The obvious fix would be to use the same condition for calling
memcg_kmem_put_cache that we also use to decide whether to call
memcg_kmem_get_cache.

I am not sure how long this bug has been around, since the last
changeset to touch that code - 452647784b2f ("mm: memcontrol: cleanup
kmem charge functions") - merely moved the bug from one location to
another. I am still tagging that changeset, because the fix should
automatically apply that far back.

Signed-off-by: Rik van Riel <[email protected]>
Fixes: 452647784b2f ("mm: memcontrol: cleanup kmem charge functions")
Cc: [email protected]
Cc: [email protected]
Cc: [email protected]
Cc: Alexey Dobriyan <[email protected]>
Cc: Christoph Lameter <[email protected]>
Cc: Pekka Enberg <[email protected]>
Cc: Andrew Morton <[email protected]>
Cc: David Rientjes <[email protected]>
Cc: Joonsoo Kim <[email protected]>
Cc: Johannes Weiner <[email protected]>
Cc: Tejun Heo <[email protected]>
---
mm/slab.h | 3 ++-
1 file changed, 2 insertions(+), 1 deletion(-)
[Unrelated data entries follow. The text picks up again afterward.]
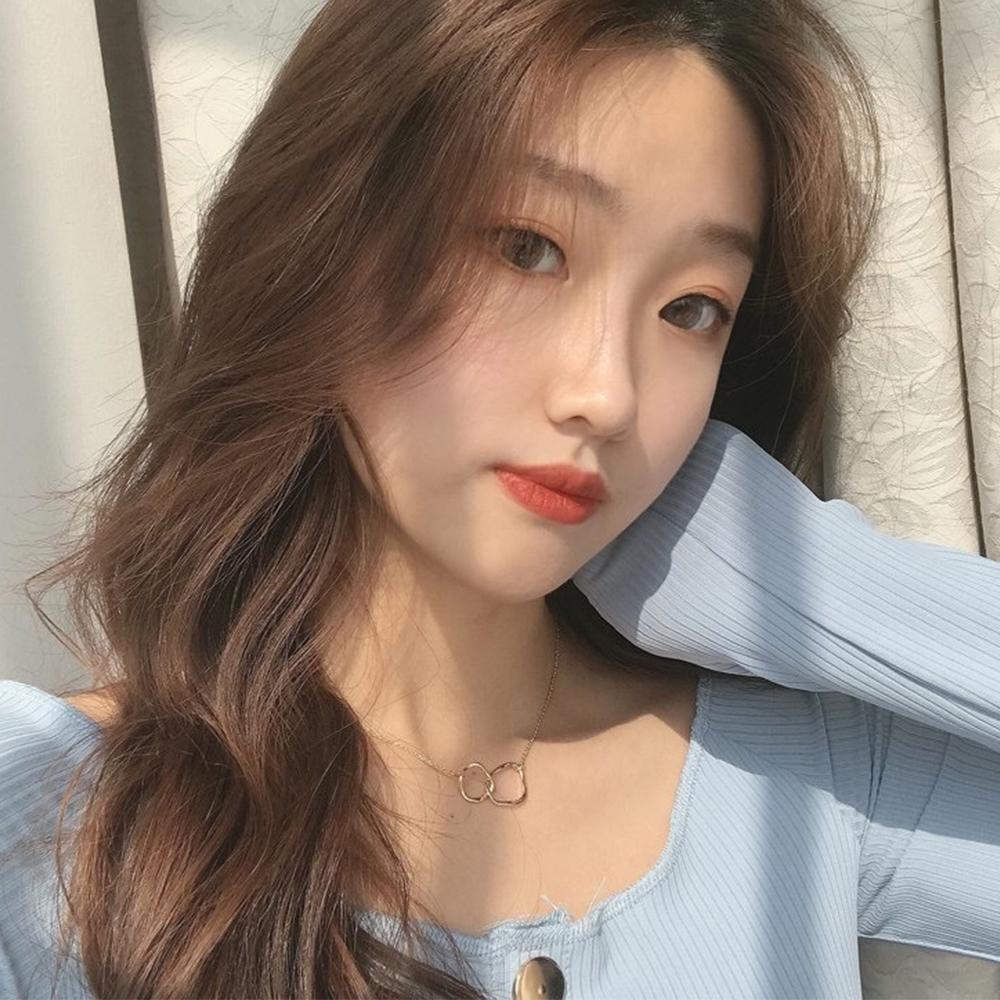 AROMA Vòng cổ Hai Lớp Mặt Nhẫn Đơn Giản Thời Trang Cho Nữ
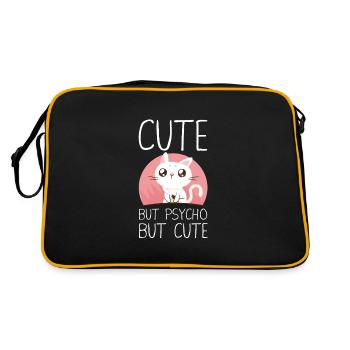 Lustiger Spruch Cute But Psycho But Cute - Retro Tasche - Schwarz/Gold - Hinten
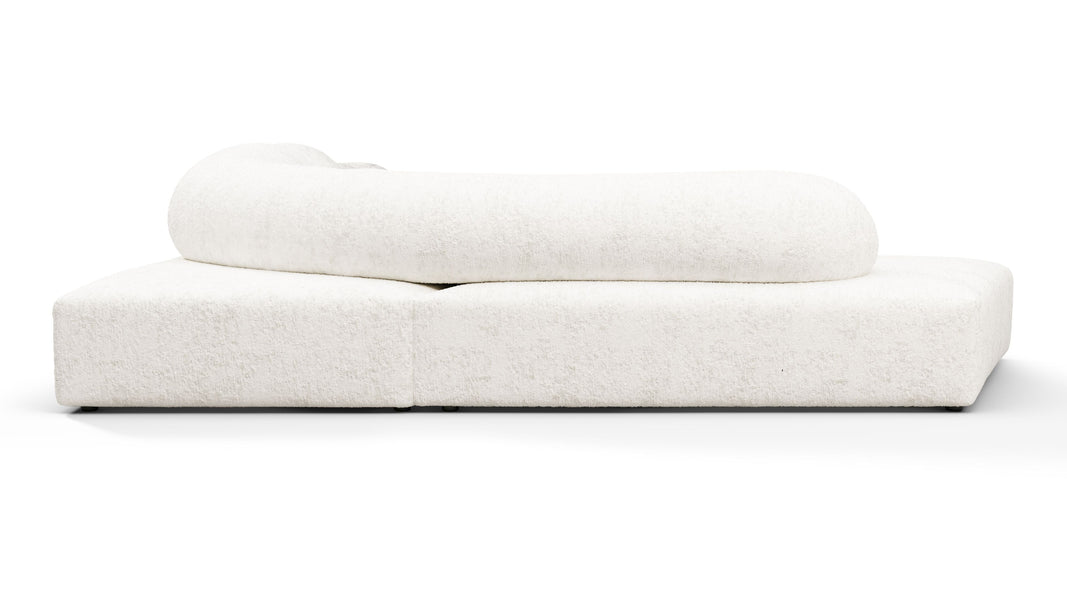 On the RocksOn the Rocks - On the Rocks Sofa, Left Corner, White Textured Chenille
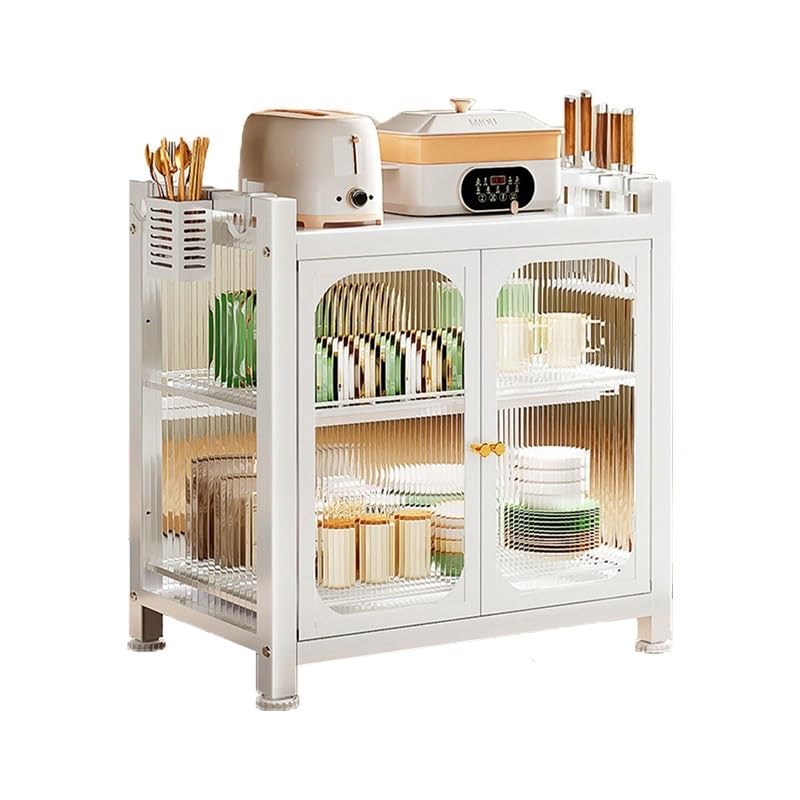 Kitchen Storage Rack Drain dishware Storage Rack with Door with Drain Tray | Stainless Steel 2 Layer Utility Double Design Storage Cabinet Rack for Kitchen (White)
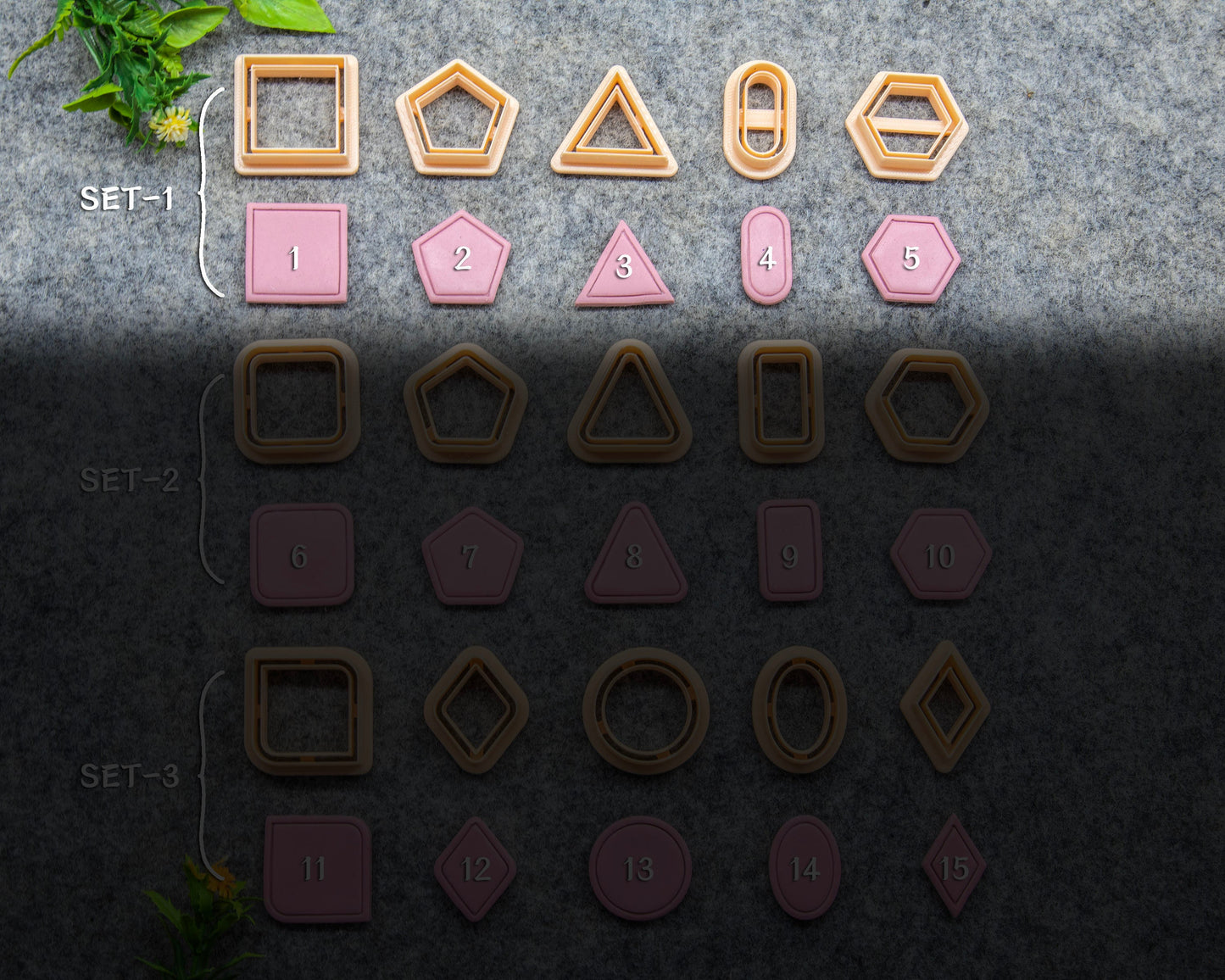 Basic Shape Polymer Clay Cutters: Circle, Square, Oval, Triangle #621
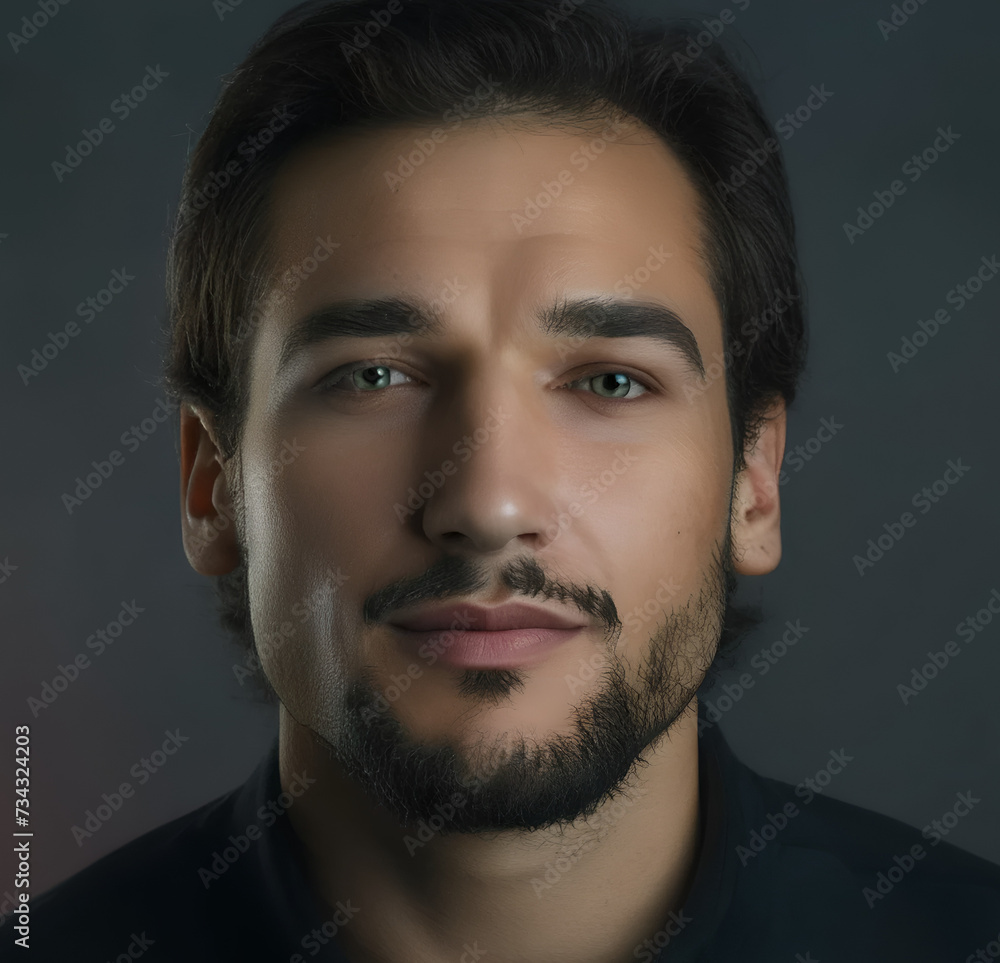 Obraz premium A serious-looking guy with dark hair and a handsome expression in a close-up portrait
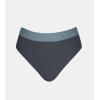 CUPSHE Womens High Waisted Bikini Bottom Color Block Bathing Suit(Dark Teal/Dark Grey)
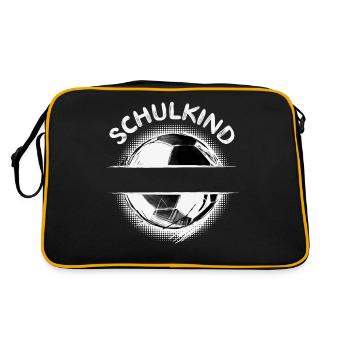 Schulkind Fußball Name Personalisierbar Schule - Retro Tasche - Schwarz/Gold - Hinten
diff --git a/mm/slab.h b/mm/slab.h
index 4190c24ef0e9..ab3d95bef8a0 100644
--- a/mm/slab.h
+++ b/mm/slab.h
@@ -444,7 +444,8 @@ static inline void slab_post_alloc_hook(struct kmem_cache *s, gfp_t flags,
p[i] = kasan_slab_alloc(s, object, flags);
}

- if (memcg_kmem_enabled())
+ if (memcg_kmem_enabled() &&
+ ((flags & __GFP_ACCOUNT) || (s->flags & SLAB_ACCOUNT)))
memcg_kmem_put_cache(s);
}

--
2.17.1



2019-01-09 05:39:40

by Shakeel Butt

[permalink] [raw]
Subject: Re: [PATCH] mm,slab,memcg: call memcg kmem put cache with same condition as get

On Tue, Jan 8, 2019 at 8:01 PM Rik van Riel <[email protected]> wrote:
>
> There is an imbalance between when slab_pre_alloc_hook calls
> memcg_kmem_get_cache and when slab_post_alloc_hook calls
> memcg_kmem_put_cache.
>

Can you explain how there is an imbalance? If the returned kmem cache
from memcg_kmem_get_cache() is the memcg kmem cache then the refcnt of
memcg is elevated and the memcg_kmem_put_cache() will correctly
decrement the refcnt of the memcg.

> This can cause a memcg kmem cache to be destroyed right as
> an object from that cache is being allocated, which is probably
> not good. It could lead to things like a memcg allocating new
> kmalloc slabs instead of using freed space in old ones, maybe
> memory leaks, and maybe oopses as a memcg kmalloc slab is getting
> destroyed on one CPU while another CPU is trying to do an allocation
> from that same memcg.
>
> The obvious fix would be to use the same condition for calling
> memcg_kmem_put_cache that we also use to decide whether to call
> memcg_kmem_get_cache.
>
> I am not sure how long this bug has been around, since the last
> changeset to touch that code - 452647784b2f ("mm: memcontrol: cleanup
> kmem charge functions") - merely moved the bug from one location to
> another. I am still tagging that changeset, because the fix should
> automatically apply that far back.
>
> Signed-off-by: Rik van Riel <[email protected]>
> Fixes: 452647784b2f ("mm: memcontrol: cleanup kmem charge functions")
> Cc: [email protected]
> Cc: [email protected]
> Cc: [email protected]
> Cc: Alexey Dobriyan <[email protected]>
> Cc: Christoph Lameter <[email protected]>
> Cc: Pekka Enberg <[email protected]>
> Cc: Andrew Morton <[email protected]>
> Cc: David Rientjes <[email protected]>
> Cc: Joonsoo Kim <[email protected]>
> Cc: Johannes Weiner <[email protected]>
> Cc: Tejun Heo <[email protected]>
> ---
> mm/slab.h | 3 ++-
> 1 file changed, 2 insertions(+), 1 deletion(-)
>
> diff --git a/mm/slab.h b/mm/slab.h
> index 4190c24ef0e9..ab3d95bef8a0 100644
> --- a/mm/slab.h
> +++ b/mm/slab.h
> @@ -444,7 +444,8 @@ static inline void slab_post_alloc_hook(struct kmem_cache *s, gfp_t flags,
> p[i] = kasan_slab_alloc(s, object, flags);
> }
>
> - if (memcg_kmem_enabled())
> + if (memcg_kmem_enabled() &&
> + ((flags & __GFP_ACCOUNT) || (s->flags & SLAB_ACCOUNT)))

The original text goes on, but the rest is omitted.